As a writer and lecturer on sexuality, consent, and Title IX on college campuses, [Freitas] applies her research skills to her own long-undisclosed story and is unflinching in her examination. It is a harrowing and brilliant personal exploration of consent, shame, and power ... Freitas writes beautifully; she is both a probing academic and a poet ... The title is important. The book is called Consent, not, say, Stalked, or My Creepy Teacher. Consent is the nagging question that runs through the book—when and how or whether consent took place. Freitas does not owe anyone an examination of her role, but she probes it, pokes it, turns it over in her hand, and exposes it to light in a way that is a great gift to her reader ... It is painful to witness. And important and generous, even, of her to do ... In spite of her experience, as both a passionate student and teacher Freitas is quick to defend the sanctity of a bond between teacher and student, and it only underscores how tragic it is when people like Father L. and his brethren violate the pact ... The writing of this book feels like an exorcism of sorts of that residual shame. To expose it to the sunlight, as they say, and kill the germs. The book is important beyond that though. It walks us through why our intuition is worth its weight in gold. And walks us through the complexity of consent, of power dynamics, and of what shame can do to even the brightest. In the end, Freitas comes to her conclusion with humility and honesty. She hasn’t conquered every demon left behind by the experience, but there is a sense of release, and, critically, a voice returned.
In Consent: A Memoir of Unwanted Attention, Freitas recounts with great thoughtfulness how her perception of the power differential between them, as well as her faith in the religious and educational institutions she’d grown up with, lulled her into susceptibility and disbelief ... [The book includes] nuanced explorations of the meaning of 'consent' but also the hurried, underedited quality of a manuscript written on deadline ... Freitas’s [book] would benefit from tightened prose.

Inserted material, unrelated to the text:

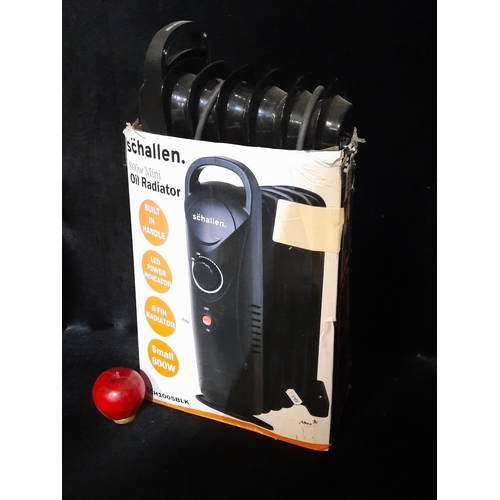 A Schallen 800W mini oil-filled radiator, 6-fin compact model with ...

But these are small complaints given the service...provide[d], which is to show without a shadow of a doubt that sexual harassment is often more terrorizing than many people understand it to be (particularly those lucky enough to have avoided its reach). For that reason, I’m grateful for Freitas’s reclamation of her voice[.]
... an important book because it illustrates how victims blame themselves, and how institutions are eager to maintain their good public image and not help those who have been wronged. It also shows that women who are being harassed are in no position of power and are forced to remain silent --- sometimes forever --- while emphasizing that stalking and harassment must be taken seriously as it can leave deep psychological wounds ... Freitas has written an honest, brutal and raw memoir not only about the unwanted attention she received, but about sexuality, philosophy and feminism. In order not to be written out of her own story, she decided to tell it 20 years later. It is never too late for accounts about violence against women to see the light of day. Consent is a must-read.